From IT to the enterprise: How Cherwell creates service delivery

Every business is the sum of its parts, a fact recognised increasingly by software manufacturers who produce applications and services designed to improve discrete areas of the company for the better. Because of the distance between apps, there’s also a burgeoning market for ‘robots’, instances of code that automate data flows and activities between apps.
In the ’90s, CIOs had a seat at the executive table because IT was a critical in-house component of the business. By the early 2000s, IT became outsourced, and CIOs who didn’t focus on becoming service oriented risked losing their jobs. IT became a commoditised service in many enterprises, and the Software as a Service (SaaS) revolution didn’t help its cause. With enterprise SaaS solutions like Salesforce, Workday, Marketo, and others, businesses could digitise individual functions without IT.
Now, companies need digital heroes to unite their business functions and bring about the true digital transformation—which is cross functional—required to survive in our fast-paced, modern world. Who better to take on this role than the CIO and their trusty band of IT wizards?
Service management itself is not a new concept. Traditionally, it has been confined to the silo-ed walls of the IT organisation and used to instantiate IT infrastructure library (ITIL) processes to make the IT operations service desk more productive, ultimately providing better support to the enterprise for IT requests and needs. Unfortunately, IT organisations that fail to extend the concept of service management beyond IT prohibit themselves from becoming real digital-change agents.

Source: Cherwell Software
When you apply the concepts and technology behind IT service management (ITSM) to the broader organisation, you get enterprise service management (ESM). ESM holds great potential, not only for automating key functional processes, but for providing a set of automated workflows that integrate across business functions.
For example, employee onboarding at digital speed would be driven by HR, but would automate IT, Facilities, Security, and Sales and Marketing workflows into a single value stream to the employee and the business.
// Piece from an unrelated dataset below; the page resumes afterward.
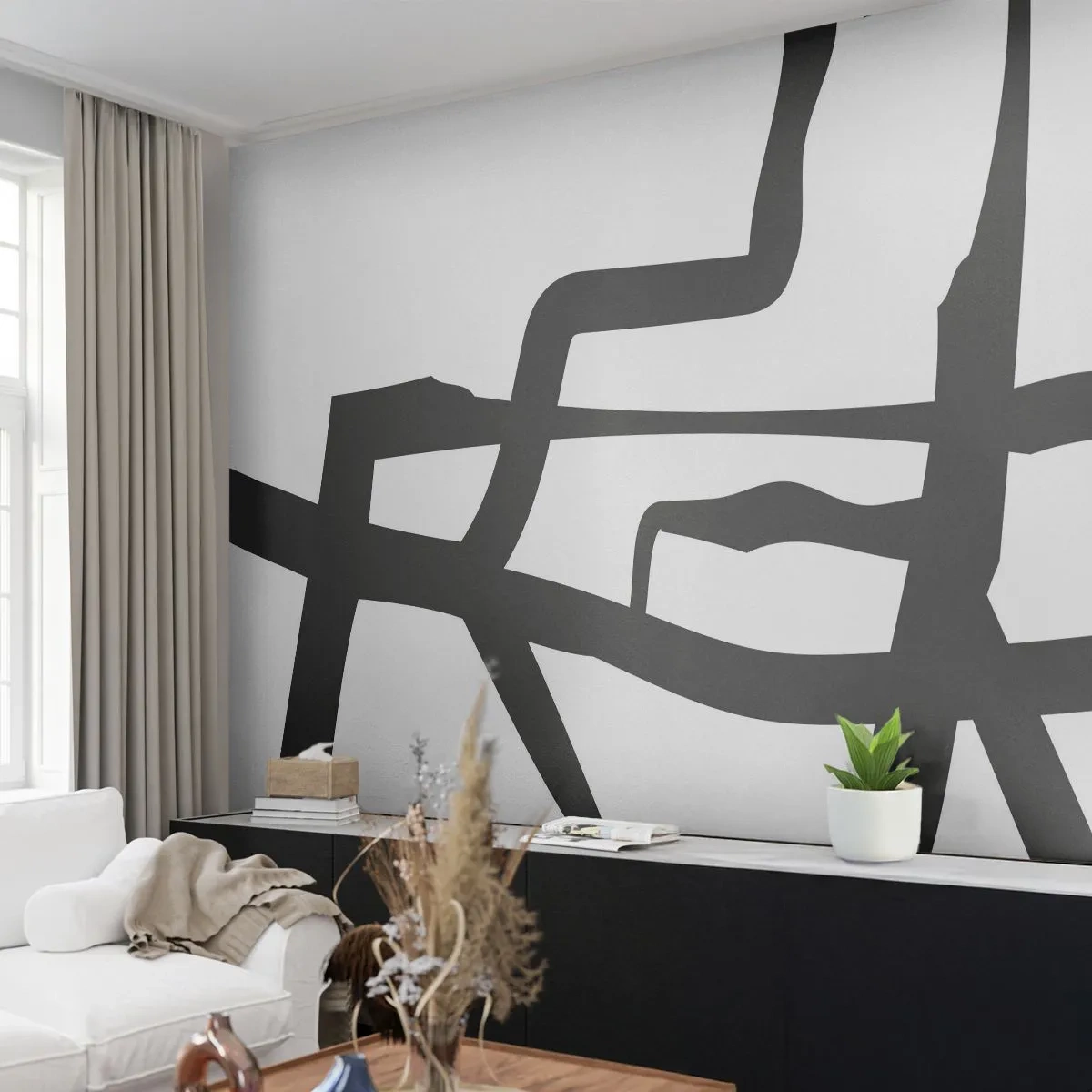 Fotomural Standard Eco - Construcción en blanco y negro - Línea, En blanco y negro, abstraccionismo - 200x140 cm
This is just one of many examples of how ESM makes companies more competitive and more responsive to customer needs, and ultimately will disrupt the market.
However, Cherwell Software’s enterprise service management (ESM) platform unifies service experiences for the entire enterprise is critical for real digital transformation to occur. Put another way, digital transformation begins with service transformation, and IT should be the driving force behind it. The platform’s roots are in ITSM (IT service management), but its extensible platform means that a growing number of other areas can be improved in terms of efficiency, productivity and employee happiness.
There are two particularly interesting elements to the Cherwell Service Platform that makes it the basis of a wider-reaching ESM (enterprise service management) solution. Firstly, it is effectively infinitely extensible, and secondly, it is future-proof. These two claims take a little explanation.
Extensibility
The management and automation of workflows across the enterprise possible with Cherwell extend just about anywhere. The company’s mApps concept means that flexible applications (malleable Apps) run on top of the base platform. That means the foundation layer is entirely agnostic so code (think of them as very powerful plug-ins) can be added according to need. Cherwell’s users co-operate in an mApp exchange, where users from many different verticals and divisions inside companies all over the world share their routines, applications and service additions.

Source: Cherwell Software
The in-house development capability of any company is also massively expanded through being placed in the hands of the business users, or stakeholders. Cherwell’s low-code development GUI means that the IT department’s expensive development teams can either not be involved in the creation of new functionality, or their involvement times are slashed by up to a factor of ten.
Future-proof
Development of apps or services or use of Cherwell-branded capabilities (such as HR service solutions) is governed through metadata configuration files which are powered by the underlying platform. Therefore, any updates or additional features do not affect the apps already in production, or development. The high-level development interface also means that as the business meets new challenges and shifts focus, the applications likewise can move or be re-deployed, with no need for expensive rewrites or the development of new API connectors.
The beauty of the Cherwell Enterprise Service Management platform is that it boasts a unity of interface right across its many deployments and uses. Citizen developers versed in one specialization will produce applications using the same visual and operational vocabulary as any other, so creating automations and other inter-dependencies is as simple as drag and drop connections.
In some ways, the Cherwell Software ESM reflects the changing role of the IT department, from a provider of tools to become the power behind other areas in the enterprise. However, IT’s responsibilities remain – such as for IT security. By rolling out what was originally an IT service platform to the rest of the enterprise, it’s safe to allow the business’s stakeholders access to what’s effectively a full development and deployment stack. That not only frees up the (expensive) IT staff for more challenging tasks but also lets the business’s team choose their solutions according to need.